This post was written by: Christina Blake & Ethan Lyon.
There are a lot of great tools in the market for keyword rank tracking – but at Seer we found that we had many use cases with organic rank data that wasn’t being addressed by those tools.
Many of our analyses pull large amounts of data (think 100K, 200K, 500K+ keywords at a time!) for a snapshot of insights – maybe we’re analyzing content gaps or trying to research a new line of business for a client. We don’t need daily rankings for this – we need a massive, one-time data pull.
For some clients, we might have search terms that we want to keep a pulse on, but do we need daily data? We might want to mix up our tracking – priority keywords daily, other keywords to help us understand shifts in the landscape weekly or monthly.
If a client was planning on a migration or a major change in their site, we might even want to switch weekly or monthly keywords to track daily so that we can keep a closer eye on changes during those high-risk time periods.
💡In this post, we’ll walk through how we approached building our own keyword tracking tool from the ground-up.

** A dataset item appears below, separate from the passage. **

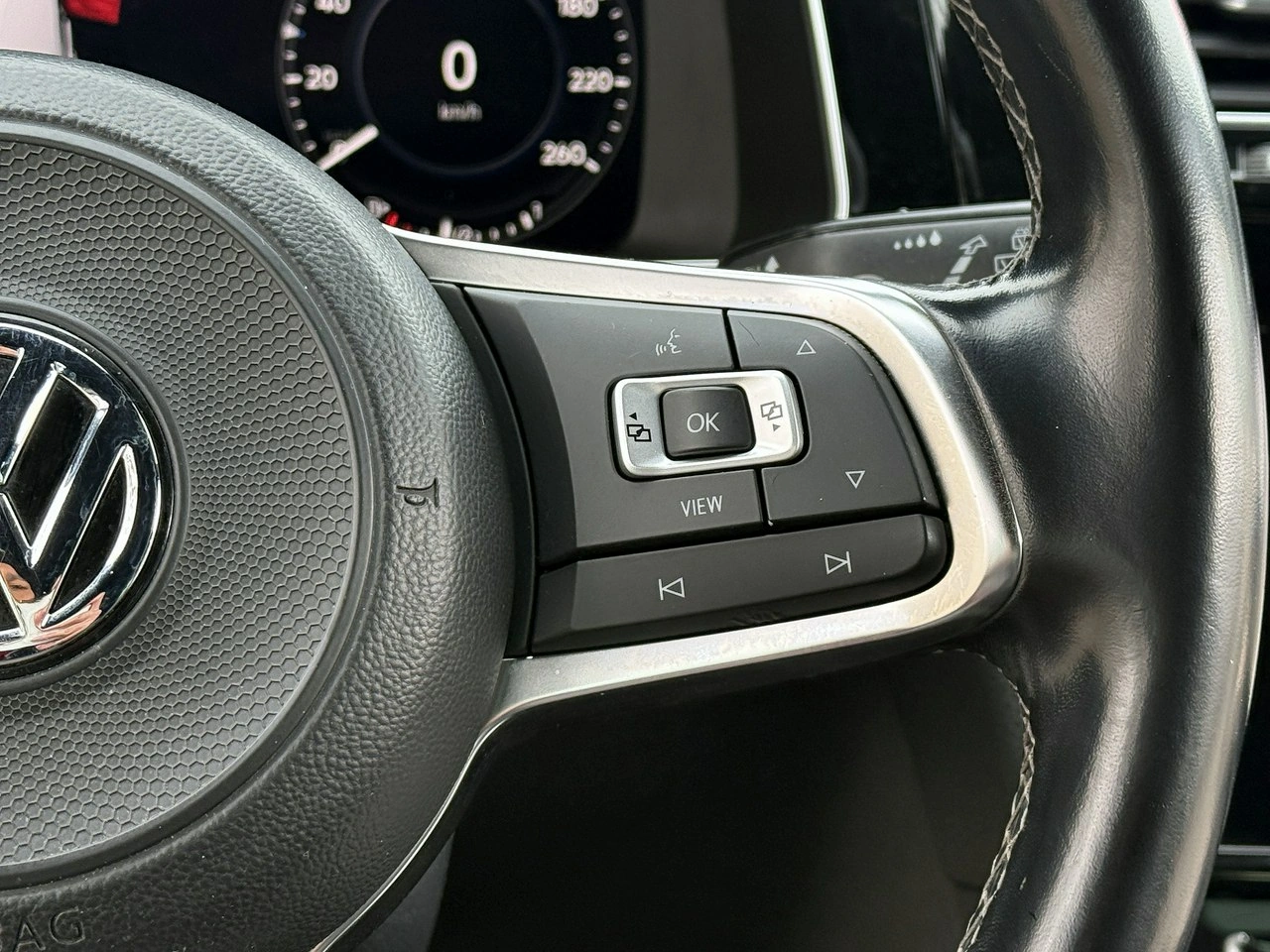 Volkswagen Golf - Zdjęcie 9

The keyword tracking tools we were using didn’t give us the flexibility to change tracking frequency – team members had to submit large keyword sets and then closely monitor so we could turn off tracking as soon as data was returned to prevent tracking 500K keywords daily for an analysis that we only needed to run twice a year. If a team member forgot to turn off tracking, we could have some pretty high costs for a very simple mistake.
Let’s say a team member wanted to submit 50,000 search terms for a snapshot analysis, and that the cost of our old tool was ~$400/day for 50K keywords.
Using our old tool, our team member would submit their keywords, then every day they’d check to see when the data had returned – usually within ~3-5 days. Then they’d need to shut off tracking immediately and download the data, or those keywords would continue to incur costs.
What if one of that team member’s clients had a major issue and they needed to jump in to help them out? It would be easy (and understandable) to forget to turn off tracking if that team member had a major analysis and presentation coming up, and then a client fire that they needed to address on top of it. (Christina can vouch for this – she’s been one of those team members who forgot to turn off tracking before).
Using our old tools, those keywords would continue incurring costs to the tune of $400/day until that team member remembered to turn them off or if one of our team members who was monitoring for major overages caught it. Now apply that risk to an entire team. Human errors happen – and something we could do to help our team is taking away the responsibility of remembering to turn off keywords.
When analyzing snapshot (one-time rankings) keywords from our old tool, we found that we were tracking (and paying for) 4-5x the rankings we actually needed, mainly due to the fact that data sometimes took several days to return and sometimes team members didn’t turn off tracking immediately. Approximately 80% of those rankings were redundant.
|Year||Count of snapshot keywords||Count of deduplicated snapshot keywords||% of waste|
With our own keyword tracking tool, that same team member submits their 50K search terms using the “one-time” frequency and that’s it. When their data is available, they can use it – no extra steps needed.
We’re also able to submit more keywords by partnering with Traject Data than ever before – we went from 26M rankings in 2019 to 61M rankings in 2020, the year we launched our internal rank tracking tool.
The day this blog post was written (2/10/22) we had 4.6 billion rows of keyword data in our rank tracking data lake.
Of all of the processed rankings with Traject, we see the following frequencies:
|Frequency||Count of tracked keywords||% to total|
That’s over 80% of all total search terms tracked at a one-time frequency in the past 2 years! Imagine all of the time saved and cost overages prevented by giving users the flexibility to track at different frequencies.
When we were still using other rank tracking tools, we’d have to export the data if we wanted to customize anything outside of their software. Even if we built templates in visualization tools like Power BI or Google Data Studio to speed up build time, those templates would expect very specific inputs – if a tool changed the name of a column or if a team member following a list of steps to export data missed a step, it could cause errors and confusion.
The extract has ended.